Lauck continued of Jewell’s story, “He reached Harrisonburg before the night and was delighted to run right on to Col. [D.H. Lee] Martz, who had by some rare good fortune, got exchanged just two weeks before. He asked the Col. where the rest of the boys were and when he expected to return to the army. The Col. told him he would leave as soon as his furlough was out, and expected to find the army of Gen. Early near Strasburg.

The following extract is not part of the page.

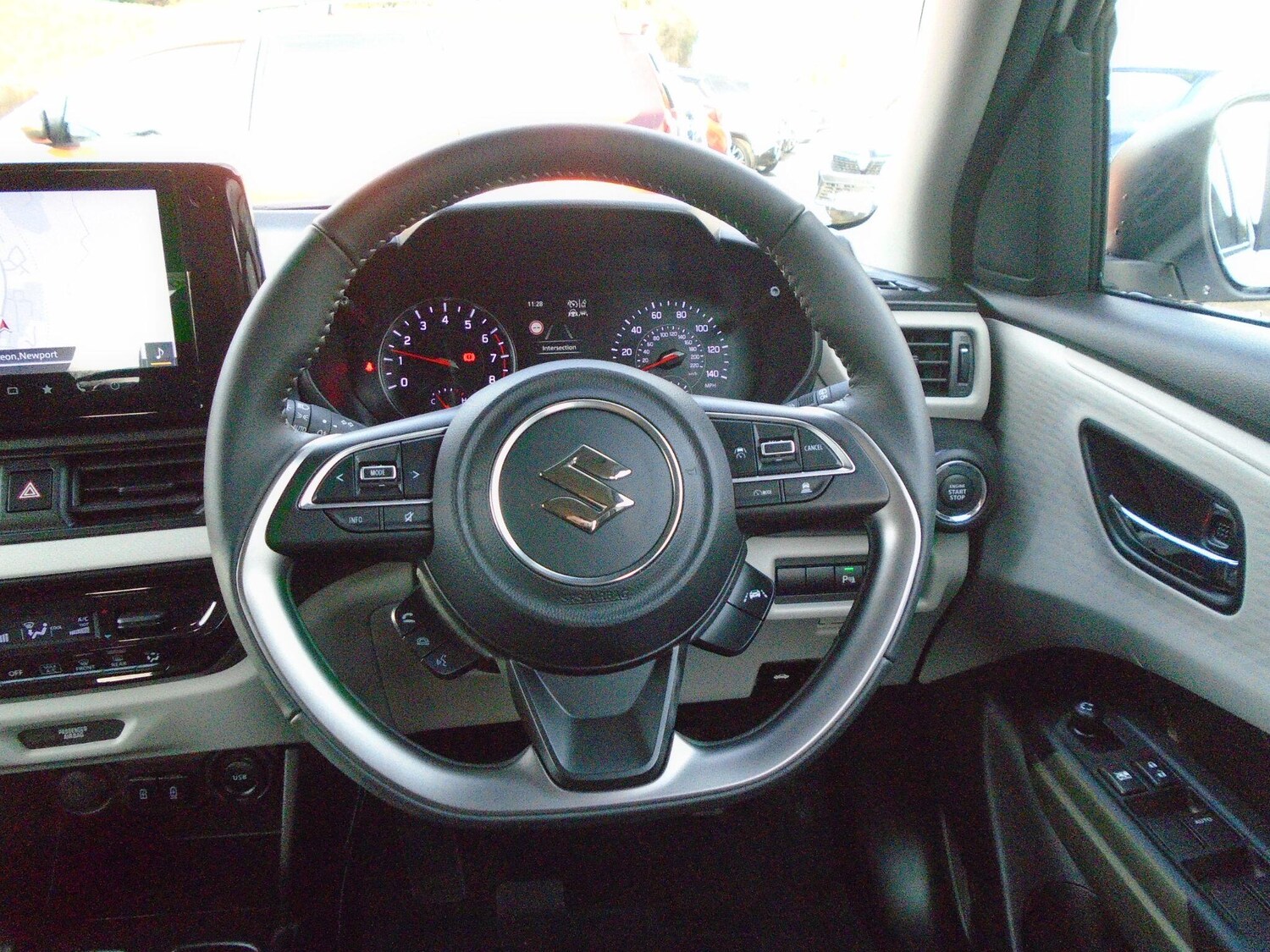 Used Suzuki Swift 2025 for sale - 77155407: Photo 31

Jim told him that he would continue on home to see his folks and get a change of underclothes, and would return to duty in a week or so and here the eyes of the gay narrator widened and sparkled with amusement.”
Jewell stated, “Sonnie, I got to Fishers Hill the very night before that devil of a stampede.” Lauck continued tat “The upshot of that experience was that the crows and buzzards saw a very tired Jim sneaking across the near-by river and Fort Mountain, and scurrying across two Valleys, to reach the humble cabin above Kimball he had left just two days before.”
“While he rested and got the soreness out of his legs, he did some bushwhacking ‘on the side,’ and along with Clarence Broaddus shot at two chicken-stealing Yankees. Jim missing, and Clarence knocking his target off his horse, and stampeding the other fellow who dropped his bunch of chickens.” Lauck concluded that Jewell later “rejoined the regiment at Petersburg in the winter, and was in every skirmish and battle up to the finish.”
Years after the war, Jewell married Almira Jane Burke in Rappahannock Co., Va. and the couple had at least two children. James William Jewell died on May 19. 1917 in Rappahannock Co., Va. and was buried at Washington Cemetery there.